第2章11 Operation Dragon Slayers Part.2

[8月27日 11:00時]

〈アメックス王国東方 国境沿いの町リーン 西門〉

アメックス王国親衛軍第3銃兵大隊第1中隊中隊長 シリア・カートナー


戦争が始まり、事前に国境沿いの町リーンに派遣されていた私達は作戦の第1段階として避難作業を開始していた。


「落ち着いて!ゆっくりと進んで下さい!」


「手荷物は最小限に!」


「ほら!そこの男!男は一番最後よ!子どもと女性、老人、病人、怪我人が優先よ。男なら他の人を守る位の気概を見せなさい!」


隊員達が必至で誘導をしているが、小さな町とはいえ700人近くの住人の避難は慣れていない私達には荷が重く、馬車も足りない為混乱が発生していた。

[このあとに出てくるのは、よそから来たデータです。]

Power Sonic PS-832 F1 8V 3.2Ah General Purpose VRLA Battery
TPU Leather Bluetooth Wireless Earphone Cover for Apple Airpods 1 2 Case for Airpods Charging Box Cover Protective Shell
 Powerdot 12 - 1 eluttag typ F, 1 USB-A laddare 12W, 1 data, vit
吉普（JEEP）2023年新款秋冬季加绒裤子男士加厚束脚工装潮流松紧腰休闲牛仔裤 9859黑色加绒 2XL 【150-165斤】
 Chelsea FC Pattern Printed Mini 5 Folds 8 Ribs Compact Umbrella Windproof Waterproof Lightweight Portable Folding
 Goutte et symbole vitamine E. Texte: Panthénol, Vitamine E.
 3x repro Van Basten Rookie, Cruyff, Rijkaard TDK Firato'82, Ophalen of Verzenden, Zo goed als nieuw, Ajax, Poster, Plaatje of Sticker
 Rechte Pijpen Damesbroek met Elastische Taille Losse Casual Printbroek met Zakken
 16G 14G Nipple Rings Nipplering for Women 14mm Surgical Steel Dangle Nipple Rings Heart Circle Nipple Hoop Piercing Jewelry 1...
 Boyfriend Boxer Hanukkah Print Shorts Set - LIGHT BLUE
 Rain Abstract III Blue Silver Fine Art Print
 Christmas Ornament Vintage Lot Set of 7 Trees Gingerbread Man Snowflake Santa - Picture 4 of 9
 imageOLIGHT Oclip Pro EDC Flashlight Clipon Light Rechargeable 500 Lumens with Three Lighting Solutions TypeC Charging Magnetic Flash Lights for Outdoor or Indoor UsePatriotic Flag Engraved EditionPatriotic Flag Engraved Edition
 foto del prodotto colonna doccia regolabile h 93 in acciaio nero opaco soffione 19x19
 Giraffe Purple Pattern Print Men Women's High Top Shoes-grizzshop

「くそ。やはりそう上手くはいかないか。通信士、上はなんと言っている?」


私はフェンリルから譲り受けた通信機を背負う隊員に聞いた。


「同じです。増援と協力して作戦を遂行しろ、だそうです。」


「その増援はいつ来るんだ?!このままだと暴動になるぞ!」


その時、


「え?ちょっと待ってください。謎の電波を受信しました。………西…から…侵入する?西から何か来ます!」


「西から?だが馬車も兵士も見えないが?」


私は不思議に思いながら西を見ていると、


[バタバタバタバタ]


「?何の音だ?」


「音ですか?私には聞こえませんが……。」


「これでもエルフだからな。何かが空気を打つ様な音が、それも複数、近付いている?!全員、安全装置を解除!西から何か来るぞ!」


私が叫ぶと、近くにいた隊員達が直ぐに動き、M1A1を構えた。


[バタバタバタバタバタバタ!]


空気を打つ様な音はドンドン大きくなり、西の空に突然羽の生えた鉄の箱の群れが出現した。


「な、なんだあれ!」


「新種の魔物か?!」


住人達と私達は初めて見る奇妙な飛行物体に軽いパニックを起こした。

飛行物体は私達の近くに着陸し、中から私達に銃の扱い方を教えた者が着ていた物と良く似た戦闘服を着た集団、約200人ほどが降りてきた。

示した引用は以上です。